■ Excerpts from a dataset
=====

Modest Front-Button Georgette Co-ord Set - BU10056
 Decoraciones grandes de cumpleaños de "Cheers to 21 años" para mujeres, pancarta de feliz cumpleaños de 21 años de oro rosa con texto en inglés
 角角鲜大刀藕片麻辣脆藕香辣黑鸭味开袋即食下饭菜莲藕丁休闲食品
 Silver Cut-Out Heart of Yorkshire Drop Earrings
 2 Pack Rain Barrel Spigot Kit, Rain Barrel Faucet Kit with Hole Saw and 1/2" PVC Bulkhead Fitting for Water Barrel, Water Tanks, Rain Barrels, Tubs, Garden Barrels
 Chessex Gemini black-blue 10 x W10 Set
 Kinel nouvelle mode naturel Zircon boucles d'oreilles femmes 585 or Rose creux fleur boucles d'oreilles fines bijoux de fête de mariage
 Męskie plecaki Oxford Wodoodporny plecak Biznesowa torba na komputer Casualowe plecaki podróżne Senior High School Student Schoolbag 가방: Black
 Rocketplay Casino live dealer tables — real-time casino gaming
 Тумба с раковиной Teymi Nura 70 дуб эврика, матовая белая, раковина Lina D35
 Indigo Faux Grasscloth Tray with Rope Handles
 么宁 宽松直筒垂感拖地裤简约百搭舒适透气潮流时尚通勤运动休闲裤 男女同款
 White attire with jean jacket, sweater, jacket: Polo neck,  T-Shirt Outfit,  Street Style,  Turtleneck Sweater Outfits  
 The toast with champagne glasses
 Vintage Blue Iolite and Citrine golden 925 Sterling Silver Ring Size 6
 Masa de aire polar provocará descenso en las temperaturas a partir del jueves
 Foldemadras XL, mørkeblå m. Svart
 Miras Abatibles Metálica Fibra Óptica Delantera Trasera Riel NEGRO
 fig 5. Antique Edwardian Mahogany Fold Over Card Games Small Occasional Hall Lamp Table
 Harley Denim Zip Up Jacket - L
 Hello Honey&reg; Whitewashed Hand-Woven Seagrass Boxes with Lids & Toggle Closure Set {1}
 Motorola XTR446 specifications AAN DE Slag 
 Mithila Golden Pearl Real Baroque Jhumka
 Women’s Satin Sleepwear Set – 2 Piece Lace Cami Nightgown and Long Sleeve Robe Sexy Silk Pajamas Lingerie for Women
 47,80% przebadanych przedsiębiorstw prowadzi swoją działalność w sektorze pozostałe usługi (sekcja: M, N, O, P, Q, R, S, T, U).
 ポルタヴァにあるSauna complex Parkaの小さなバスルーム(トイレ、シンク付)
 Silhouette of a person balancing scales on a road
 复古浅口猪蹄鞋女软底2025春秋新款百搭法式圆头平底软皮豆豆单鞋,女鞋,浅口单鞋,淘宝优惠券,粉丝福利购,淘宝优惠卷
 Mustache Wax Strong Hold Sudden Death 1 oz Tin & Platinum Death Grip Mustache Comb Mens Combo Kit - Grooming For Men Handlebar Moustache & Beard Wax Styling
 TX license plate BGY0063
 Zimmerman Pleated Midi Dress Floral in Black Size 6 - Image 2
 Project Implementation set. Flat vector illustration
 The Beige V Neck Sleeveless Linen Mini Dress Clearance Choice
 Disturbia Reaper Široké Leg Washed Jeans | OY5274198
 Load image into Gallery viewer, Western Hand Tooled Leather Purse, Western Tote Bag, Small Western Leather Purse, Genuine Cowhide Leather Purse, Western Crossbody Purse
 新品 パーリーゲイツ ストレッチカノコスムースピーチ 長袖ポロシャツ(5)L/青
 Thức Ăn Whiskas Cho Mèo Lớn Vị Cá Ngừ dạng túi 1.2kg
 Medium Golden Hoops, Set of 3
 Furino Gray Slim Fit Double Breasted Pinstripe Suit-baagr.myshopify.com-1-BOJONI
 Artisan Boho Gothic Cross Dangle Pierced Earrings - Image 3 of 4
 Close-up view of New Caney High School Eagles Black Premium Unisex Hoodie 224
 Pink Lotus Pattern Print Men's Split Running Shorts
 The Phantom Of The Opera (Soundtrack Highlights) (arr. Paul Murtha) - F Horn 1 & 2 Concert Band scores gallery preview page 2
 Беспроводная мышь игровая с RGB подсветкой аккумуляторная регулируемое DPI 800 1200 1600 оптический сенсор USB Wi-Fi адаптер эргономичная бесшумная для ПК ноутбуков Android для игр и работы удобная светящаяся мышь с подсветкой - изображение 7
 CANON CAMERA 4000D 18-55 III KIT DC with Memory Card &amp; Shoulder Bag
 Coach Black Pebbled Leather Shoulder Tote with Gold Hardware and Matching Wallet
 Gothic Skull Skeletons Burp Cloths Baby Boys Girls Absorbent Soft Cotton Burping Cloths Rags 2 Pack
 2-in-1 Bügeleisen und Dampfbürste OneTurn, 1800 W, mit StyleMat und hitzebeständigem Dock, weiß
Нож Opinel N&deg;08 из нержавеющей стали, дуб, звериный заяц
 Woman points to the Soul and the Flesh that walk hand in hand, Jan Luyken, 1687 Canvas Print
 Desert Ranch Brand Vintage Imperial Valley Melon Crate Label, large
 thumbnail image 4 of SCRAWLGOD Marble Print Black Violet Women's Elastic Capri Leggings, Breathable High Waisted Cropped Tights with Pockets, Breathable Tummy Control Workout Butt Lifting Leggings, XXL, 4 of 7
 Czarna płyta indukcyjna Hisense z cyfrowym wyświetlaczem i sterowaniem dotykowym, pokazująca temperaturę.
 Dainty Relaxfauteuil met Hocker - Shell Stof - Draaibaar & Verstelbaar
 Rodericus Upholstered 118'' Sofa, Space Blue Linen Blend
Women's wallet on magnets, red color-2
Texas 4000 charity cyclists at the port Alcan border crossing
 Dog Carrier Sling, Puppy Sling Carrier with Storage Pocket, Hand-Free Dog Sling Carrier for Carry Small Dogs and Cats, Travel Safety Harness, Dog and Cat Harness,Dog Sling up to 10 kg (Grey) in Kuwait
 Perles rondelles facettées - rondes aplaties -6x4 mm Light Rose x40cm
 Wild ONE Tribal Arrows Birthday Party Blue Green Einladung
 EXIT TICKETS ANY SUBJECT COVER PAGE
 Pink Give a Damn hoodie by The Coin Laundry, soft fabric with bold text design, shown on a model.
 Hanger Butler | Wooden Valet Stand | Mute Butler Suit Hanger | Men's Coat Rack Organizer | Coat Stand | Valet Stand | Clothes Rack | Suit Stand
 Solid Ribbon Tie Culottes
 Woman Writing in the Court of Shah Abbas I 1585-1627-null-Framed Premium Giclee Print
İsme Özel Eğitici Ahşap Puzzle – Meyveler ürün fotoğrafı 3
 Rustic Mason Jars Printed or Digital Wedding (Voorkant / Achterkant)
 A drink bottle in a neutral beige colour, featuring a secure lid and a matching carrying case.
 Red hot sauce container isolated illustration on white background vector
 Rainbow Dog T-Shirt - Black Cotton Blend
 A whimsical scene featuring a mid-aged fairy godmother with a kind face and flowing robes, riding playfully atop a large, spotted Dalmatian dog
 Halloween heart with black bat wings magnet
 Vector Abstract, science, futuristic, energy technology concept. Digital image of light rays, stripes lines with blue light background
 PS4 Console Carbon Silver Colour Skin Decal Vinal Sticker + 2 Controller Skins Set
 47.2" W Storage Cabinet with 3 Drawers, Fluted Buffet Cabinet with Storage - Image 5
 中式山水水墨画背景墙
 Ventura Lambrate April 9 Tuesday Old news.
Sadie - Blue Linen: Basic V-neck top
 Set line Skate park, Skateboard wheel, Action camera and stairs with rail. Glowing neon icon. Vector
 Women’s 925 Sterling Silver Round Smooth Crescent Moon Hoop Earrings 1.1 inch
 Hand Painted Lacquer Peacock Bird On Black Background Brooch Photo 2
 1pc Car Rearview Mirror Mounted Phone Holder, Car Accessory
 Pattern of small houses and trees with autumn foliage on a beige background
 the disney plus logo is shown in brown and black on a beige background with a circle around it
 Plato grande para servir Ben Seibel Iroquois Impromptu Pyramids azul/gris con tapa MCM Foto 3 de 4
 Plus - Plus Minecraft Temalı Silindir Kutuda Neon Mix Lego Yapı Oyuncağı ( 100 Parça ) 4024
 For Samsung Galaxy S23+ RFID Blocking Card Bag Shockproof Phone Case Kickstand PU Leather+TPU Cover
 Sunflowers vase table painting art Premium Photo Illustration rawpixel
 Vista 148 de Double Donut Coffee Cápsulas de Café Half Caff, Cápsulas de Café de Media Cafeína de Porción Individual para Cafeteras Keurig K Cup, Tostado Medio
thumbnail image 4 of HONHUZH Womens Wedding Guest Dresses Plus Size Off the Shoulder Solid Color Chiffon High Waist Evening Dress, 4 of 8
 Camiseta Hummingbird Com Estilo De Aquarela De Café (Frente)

=====

■ Aim of the task
Starting at the line that contains "Women's wallet on magnets, red color-2" and stopping after the line that contains "Set line Skate", write out every line exactly as it appears above, and no other line.

■ Your solution
Women's wallet on magnets, red color-2
Texas 4000 charity cyclists at the port Alcan border crossing
 Dog Carrier Sling, Puppy Sling Carrier with Storage Pocket, Hand-Free Dog Sling Carrier for Carry Small Dogs and Cats, Travel Safety Harness, Dog and Cat Harness,Dog Sling up to 10 kg (Grey) in Kuwait
 Perles rondelles facettées - rondes aplaties -6x4 mm Light Rose x40cm
 Wild ONE Tribal Arrows Birthday Party Blue Green Einladung
 EXIT TICKETS ANY SUBJECT COVER PAGE
 Pink Give a Damn hoodie by The Coin Laundry, soft fabric with bold text design, shown on a model.
 Hanger Butler | Wooden Valet Stand | Mute Butler Suit Hanger | Men's Coat Rack Organizer | Coat Stand | Valet Stand | Clothes Rack | Suit Stand
 Solid Ribbon Tie Culottes
 Woman Writing in the Court of Shah Abbas I 1585-1627-null-Framed Premium Giclee Print
İsme Özel Eğitici Ahşap Puzzle – Meyveler ürün fotoğrafı 3
 Rustic Mason Jars Printed or Digital Wedding (Voorkant / Achterkant)
 A drink bottle in a neutral beige colour, featuring a secure lid and a matching carrying case.
 Red hot sauce container isolated illustration on white background vector
 Rainbow Dog T-Shirt - Black Cotton Blend
 A whimsical scene featuring a mid-aged fairy godmother with a kind face and flowing robes, riding playfully atop a large, spotted Dalmatian dog
 Halloween heart with black bat wings magnet
 Vector Abstract, science, futuristic, energy technology concept. Digital image of light rays, stripes lines with blue light background
 PS4 Console Carbon Silver Colour Skin Decal Vinal Sticker + 2 Controller Skins Set
 47.2" W Storage Cabinet with 3 Drawers, Fluted Buffet Cabinet with Storage - Image 5
 中式山水水墨画背景墙
 Ventura Lambrate April 9 Tuesday Old news.
Sadie - Blue Linen: Basic V-neck top
 Set line Skate park, Skateboard wheel, Action camera and stairs with rail. Glowing neon icon. Vector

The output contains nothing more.